Et voila! The perfect box. It had a handle, wasn't too big, and was in fairly decent shape. And it was $1.99! Sold.
First step out my comfort zone. Anything to do with paint. I really, really dislike painting. Rooms, furniture, watercolors... there is no type of painting on this earth that I like to do. It takes forever, and there are so many steps that I am sure to mess something up. So... what follows is simply an explanation of what I did, and should not in any way be taken as the right or proper way to paint something.
First thing I did was to lightly sand the entire box. Not enough to expose the wood, but just to rough up the surface and give the new paint something to stick to.
There was a little bit of water damage on one side, so the bottom was starting to pull away, and one corner that had been chipped off. I used wood glue to fill the crack and strengthen the bottom, and then wood filler to smooth out the broken corner and the side. Like I said before, I have no idea if that is the right way to do a repair, but because it was so minor I took a chance and it seems to have worked okay.
A coat of primer. This was mostly to check if I had sanded the filler smooth enough and to make sure the paint would go on evenly.
The next day and a half was spent in spray painting. I could only do one side at a time, so that the paint wouldn't run. I gave the whole piece two or three coats. And once I was happy with the coverage of the ivory I used a clear sealing spray which gave it a nice shiny finish and will hopefully help it hold up to the wear and tear of belonging to a child.

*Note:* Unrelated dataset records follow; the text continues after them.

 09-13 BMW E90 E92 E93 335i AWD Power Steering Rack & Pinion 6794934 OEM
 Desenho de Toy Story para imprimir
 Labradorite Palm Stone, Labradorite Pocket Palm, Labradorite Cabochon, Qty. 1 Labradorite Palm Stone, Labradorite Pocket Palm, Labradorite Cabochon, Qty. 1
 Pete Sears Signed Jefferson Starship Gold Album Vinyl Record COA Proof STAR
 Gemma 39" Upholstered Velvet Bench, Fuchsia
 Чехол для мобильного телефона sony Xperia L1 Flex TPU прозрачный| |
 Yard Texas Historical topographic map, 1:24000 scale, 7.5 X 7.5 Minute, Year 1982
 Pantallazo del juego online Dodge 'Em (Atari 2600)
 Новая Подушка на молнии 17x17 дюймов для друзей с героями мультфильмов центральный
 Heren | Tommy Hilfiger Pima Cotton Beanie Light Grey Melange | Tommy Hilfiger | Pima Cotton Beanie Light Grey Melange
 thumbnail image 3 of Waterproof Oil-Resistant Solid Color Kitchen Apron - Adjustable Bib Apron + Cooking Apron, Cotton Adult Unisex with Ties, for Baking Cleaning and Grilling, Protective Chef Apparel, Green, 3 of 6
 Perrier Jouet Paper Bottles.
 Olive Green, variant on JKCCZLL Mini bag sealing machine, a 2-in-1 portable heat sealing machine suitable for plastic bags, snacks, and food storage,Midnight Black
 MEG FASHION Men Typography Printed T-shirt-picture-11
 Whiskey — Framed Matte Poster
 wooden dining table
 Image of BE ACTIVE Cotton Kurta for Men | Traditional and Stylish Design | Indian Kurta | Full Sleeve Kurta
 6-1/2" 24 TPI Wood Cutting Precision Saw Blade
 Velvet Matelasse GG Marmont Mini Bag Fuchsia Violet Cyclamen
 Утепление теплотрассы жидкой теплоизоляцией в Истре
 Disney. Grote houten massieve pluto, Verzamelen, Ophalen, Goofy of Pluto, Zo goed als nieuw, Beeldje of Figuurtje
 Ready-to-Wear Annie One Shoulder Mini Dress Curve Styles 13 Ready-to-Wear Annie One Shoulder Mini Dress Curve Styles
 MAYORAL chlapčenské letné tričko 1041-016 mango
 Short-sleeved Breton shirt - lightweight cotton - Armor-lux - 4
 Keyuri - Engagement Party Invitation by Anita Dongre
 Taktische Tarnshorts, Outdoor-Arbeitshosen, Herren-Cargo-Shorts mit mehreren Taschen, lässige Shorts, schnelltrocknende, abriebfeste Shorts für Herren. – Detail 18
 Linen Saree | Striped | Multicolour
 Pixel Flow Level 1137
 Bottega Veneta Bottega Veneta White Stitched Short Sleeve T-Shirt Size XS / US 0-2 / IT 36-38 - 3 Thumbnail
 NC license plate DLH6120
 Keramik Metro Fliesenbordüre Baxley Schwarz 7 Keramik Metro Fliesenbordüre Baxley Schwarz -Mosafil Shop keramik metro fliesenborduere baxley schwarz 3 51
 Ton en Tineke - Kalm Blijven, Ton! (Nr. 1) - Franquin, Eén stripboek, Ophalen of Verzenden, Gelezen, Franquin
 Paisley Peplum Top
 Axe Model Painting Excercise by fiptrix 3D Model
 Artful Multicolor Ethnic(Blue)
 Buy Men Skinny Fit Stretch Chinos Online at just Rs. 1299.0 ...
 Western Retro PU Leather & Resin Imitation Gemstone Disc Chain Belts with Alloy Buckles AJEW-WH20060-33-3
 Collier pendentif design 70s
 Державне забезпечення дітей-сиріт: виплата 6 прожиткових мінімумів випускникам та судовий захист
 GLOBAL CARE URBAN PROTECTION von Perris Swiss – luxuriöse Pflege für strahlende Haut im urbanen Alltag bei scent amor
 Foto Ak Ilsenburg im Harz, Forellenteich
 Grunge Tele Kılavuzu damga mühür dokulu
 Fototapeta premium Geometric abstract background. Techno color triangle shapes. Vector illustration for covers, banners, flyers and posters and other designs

The lids are cut out of a piece of chip board that I had left over from an Ikea purchase. It was perfect, not too thick, but strong and sturdy.
Second major step out of my comfort zone, power tools. I unfortunately don't have any pictures of cutting the lids, because I don't have any power tools. I had to go over to my dad's house to use his, and by the time I'd gathered all my materials and plans I'm lucky I only forgot to take the camera and not one of my children. I honestly don't know who was more nervous about me using the power tools, me or my dad. After I explained what I was trying to accomplish, he took over the cutting out of the lids. I did use the drill for the holes myself though! :)
The holes are to allow the lid to be tufted.
Using spray adhesive I covered each lid with two layers of batting cut to the same size as the lid, and then a piece of fabric cut larger so that the ends could wrap around the lid.
I tufted the lid by sewing covered buttons in place with heavy duty upholstery thread and pulling them tightly through on the back.
From the front.
I folded the edges, pulling tightly and mitering the corners, tacking them in place with hot glue.
For the lining I carefully measured each side and then added 1/4" allowance to be turned under.
Using hot glue I tacked the top in place first so it would lay nice and flush with the top edge, then slowly and carefully tacked along the sides and corners of the box with glue and stretched the fabric into place.
For the bottom I cut a piece of heavy duty interfacing to just fit and then used the spray adhesive to cover it with the fabric and turn under the edges.
Then hot glued it in place in the bottom of the box.
I used the same technique to make the covers for the bottom of the lids.
I hot glued a loop of ribbon for a handle before gluing the bottom cover in place. I took the time to add a little extra glue to each corner and make sure they were securely joined along all the edges.
I found these hinges at Michael's for .99 for a bag of two! I wasn't sure if they would work, but I grabbed a screwdriver and just went for it. I attached them to the outside of the box and the underside of the lid.
When the first side was on and neatly opening and closing I jumped up from my chair and did a little happy dance! I was so thrilled that it worked exactly the way I'd envisioned.
A perfect sized sewing box for my newly turned six year old.
Hinged lids that open and close.
(Seriously, I'm still so thrilled at how cool that is!)
Ready for our stitching lessons.
She was absolutely thrilled with her gift and has already started working on her first project.
She can often be found sitting next to me in the living room happily sewing. In fact today I thought it was too cute for words, she climbed up on her daddy's lap and said, "I can teach you how to embroider Daddy, I know all about it now."